Bruins’ center Marc Savard took a hit and elbow to the head late in the third period by Penguins’ forward Matt Cooke. He was carted off the ice on a stretcher. No word on the type or severity of the injury but a concussion would seem likely. Cooke was not issued a penalty for the hit.
Patrice Bergeron played his first game since the Olympic break after sitting the previous three with a groin injury. Tuukka Rask is still listed as day-to-day with a minor knee injury and did not dress.
Marc-Andre Fleury — The Penguins goaltender picked up his 31st win of the year with steady play and a solid defensive effort in front of him.
Evgeni Malkin — The “other” superstar in Pittsburgh scored the go-ahead goal for his 23rd strike of the year early in the third period.
Blake Wheeler — The sophomore forward scored the first goal of the game for only his second strike in 17 games when he tallied on the power play in the second period. The goal was his 14th of the year.
Turning Point — The start of the third period was where the Penguins turned on the heat. Malkin scored the go-ahead goal early in the period and the Bruins could not slow Pittsburgh down the rest of the game as the Penguins dominated the positional play in the final frame.
Key Play – The Penguins new addition of Alexei Ponikarovsky at Wednesday’s trade deadline paid dividends in the third period. Malkin came down the right wing on the rush and threw a dump shot on Thomas that passed through a moving screen by Ponikarovsky on its way to the back of the net. Pittsburgh turned on the heat after that and pressured the Bruins for the rest of the third on its way to the victory.
|03.07.10 at 4:35 pm ET|
With the Penguins handing the Bruins multiple opportunities with penalties, it was just a matter of time before Boston broke through.

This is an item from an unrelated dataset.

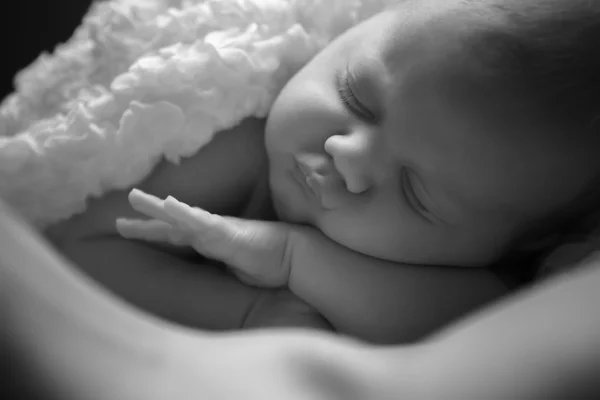 Close-up retrato de um lindo bebê adormecido — Fotografia de Stock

Evgeni Malkin won the dubious distinction of being the man who committed the penalty (hooking – 2:15) that helped get the Bruins on the board. David Krejci put the puck in the crease and banged on it to the point that Marc-Andre Fleury fell flat on his stomach though not quite on top of the puck. Blake Wheeler then snuck in and swept the puck out from under the goaltender for his 14th goal of the season that gave Boston a 1-0 lead at 3:12.
The Penguins came back in 5-0n-5 at 8:57 in a similar scenario to Wheeler’s goal. Pascal Dupuis swept around the goal only to be semi-stuffed by Tim Thomas but the forward stayed on the puck and it trickled passed Thomas to tie the game at one apiece.
Michael Ryder took a slashing penalty at 3:43 in the period but Boston was able to kill it off. In the middle of the period the teams played two-minutes of 4-on-4 as Ruslan Fedotenko and Mark Stuart got in a tangle in the crease in front of Thomas that led to matching roughing penalties.